#### Task prompt
Transcribe every entry precisely, omitting nothing.

#### Extracted material
━━━━━━━━

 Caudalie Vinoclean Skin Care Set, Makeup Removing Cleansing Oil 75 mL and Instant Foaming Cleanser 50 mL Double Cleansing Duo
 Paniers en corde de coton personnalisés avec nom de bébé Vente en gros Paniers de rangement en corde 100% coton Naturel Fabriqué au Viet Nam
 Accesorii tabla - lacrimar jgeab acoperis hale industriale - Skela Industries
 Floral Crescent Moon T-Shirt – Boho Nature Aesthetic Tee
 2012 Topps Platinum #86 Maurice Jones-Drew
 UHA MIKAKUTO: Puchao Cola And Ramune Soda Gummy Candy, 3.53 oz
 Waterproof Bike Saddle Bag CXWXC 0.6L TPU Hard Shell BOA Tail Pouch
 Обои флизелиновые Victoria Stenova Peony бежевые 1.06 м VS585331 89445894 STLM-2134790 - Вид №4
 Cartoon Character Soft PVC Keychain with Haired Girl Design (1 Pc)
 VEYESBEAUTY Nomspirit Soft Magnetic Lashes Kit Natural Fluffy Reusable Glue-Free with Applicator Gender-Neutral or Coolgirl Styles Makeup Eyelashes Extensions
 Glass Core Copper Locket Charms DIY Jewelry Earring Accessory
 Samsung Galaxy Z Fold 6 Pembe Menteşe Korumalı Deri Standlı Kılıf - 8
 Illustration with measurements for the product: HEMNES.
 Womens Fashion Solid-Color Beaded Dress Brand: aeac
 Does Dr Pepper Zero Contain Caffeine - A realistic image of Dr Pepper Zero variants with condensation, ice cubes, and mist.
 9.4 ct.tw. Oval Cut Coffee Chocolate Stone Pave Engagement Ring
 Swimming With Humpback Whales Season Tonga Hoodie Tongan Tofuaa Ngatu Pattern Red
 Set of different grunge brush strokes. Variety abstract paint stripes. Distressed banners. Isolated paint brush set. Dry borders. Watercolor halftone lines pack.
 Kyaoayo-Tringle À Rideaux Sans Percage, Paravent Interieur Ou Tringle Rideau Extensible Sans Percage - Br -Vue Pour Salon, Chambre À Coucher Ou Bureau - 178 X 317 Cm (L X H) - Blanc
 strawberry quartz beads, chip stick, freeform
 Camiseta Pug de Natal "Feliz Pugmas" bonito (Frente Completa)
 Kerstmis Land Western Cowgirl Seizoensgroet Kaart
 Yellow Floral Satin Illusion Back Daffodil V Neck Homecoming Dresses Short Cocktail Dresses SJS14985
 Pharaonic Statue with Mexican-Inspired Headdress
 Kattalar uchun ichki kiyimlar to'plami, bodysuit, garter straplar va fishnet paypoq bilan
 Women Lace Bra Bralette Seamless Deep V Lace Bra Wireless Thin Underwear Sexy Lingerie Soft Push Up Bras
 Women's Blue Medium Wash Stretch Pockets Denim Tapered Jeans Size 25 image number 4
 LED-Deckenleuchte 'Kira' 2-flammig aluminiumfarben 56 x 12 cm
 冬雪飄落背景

━━━━━━━━

#### Answer section
 Caudalie Vinoclean Skin Care Set, Makeup Removing Cleansing Oil 75 mL and Instant Foaming Cleanser 50 mL Double Cleansing Duo
 Paniers en corde de coton personnalisés avec nom de bébé Vente en gros Paniers de rangement en corde 100% coton Naturel Fabriqué au Viet Nam
 Accesorii tabla - lacrimar jgeab acoperis hale industriale - Skela Industries
 Floral Crescent Moon T-Shirt – Boho Nature Aesthetic Tee
 2012 Topps Platinum #86 Maurice Jones-Drew
 UHA MIKAKUTO: Puchao Cola And Ramune Soda Gummy Candy, 3.53 oz
 Waterproof Bike Saddle Bag CXWXC 0.6L TPU Hard Shell BOA Tail Pouch
 Обои флизелиновые Victoria Stenova Peony бежевые 1.06 м VS585331 89445894 STLM-2134790 - Вид №4
 Cartoon Character Soft PVC Keychain with Haired Girl Design (1 Pc)
 VEYESBEAUTY Nomspirit Soft Magnetic Lashes Kit Natural Fluffy Reusable Glue-Free with Applicator Gender-Neutral or Coolgirl Styles Makeup Eyelashes Extensions
 Glass Core Copper Locket Charms DIY Jewelry Earring Accessory
 Samsung Galaxy Z Fold 6 Pembe Menteşe Korumalı Deri Standlı Kılıf - 8
 Illustration with measurements for the product: HEMNES.
 Womens Fashion Solid-Color Beaded Dress Brand: aeac
 Does Dr Pepper Zero Contain Caffeine - A realistic image of Dr Pepper Zero variants with condensation, ice cubes, and mist.
 9.4 ct.tw. Oval Cut Coffee Chocolate Stone Pave Engagement Ring
 Swimming With Humpback Whales Season Tonga Hoodie Tongan Tofuaa Ngatu Pattern Red
 Set of different grunge brush strokes. Variety abstract paint stripes. Distressed banners. Isolated paint brush set. Dry borders. Watercolor halftone lines pack.
 Kyaoayo-Tringle À Rideaux Sans Percage, Paravent Interieur Ou Tringle Rideau Extensible Sans Percage - Br -Vue Pour Salon, Chambre À Coucher Ou Bureau - 178 X 317 Cm (L X H) - Blanc
 strawberry quartz beads, chip stick, freeform
 Camiseta Pug de Natal "Feliz Pugmas" bonito (Frente Completa)
 Kerstmis Land Western Cowgirl Seizoensgroet Kaart
 Yellow Floral Satin Illusion Back Daffodil V Neck Homecoming Dresses Short Cocktail Dresses SJS14985
 Pharaonic Statue with Mexican-Inspired Headdress
 Kattalar uchun ichki kiyimlar to'plami, bodysuit, garter straplar va fishnet paypoq bilan
 Women Lace Bra Bralette Seamless Deep V Lace Bra Wireless Thin Underwear Sexy Lingerie Soft Push Up Bras
 Women's Blue Medium Wash Stretch Pockets Denim Tapered Jeans Size 25 image number 4
 LED-Deckenleuchte 'Kira' 2-flammig aluminiumfarben 56 x 12 cm
 冬雪飄落背景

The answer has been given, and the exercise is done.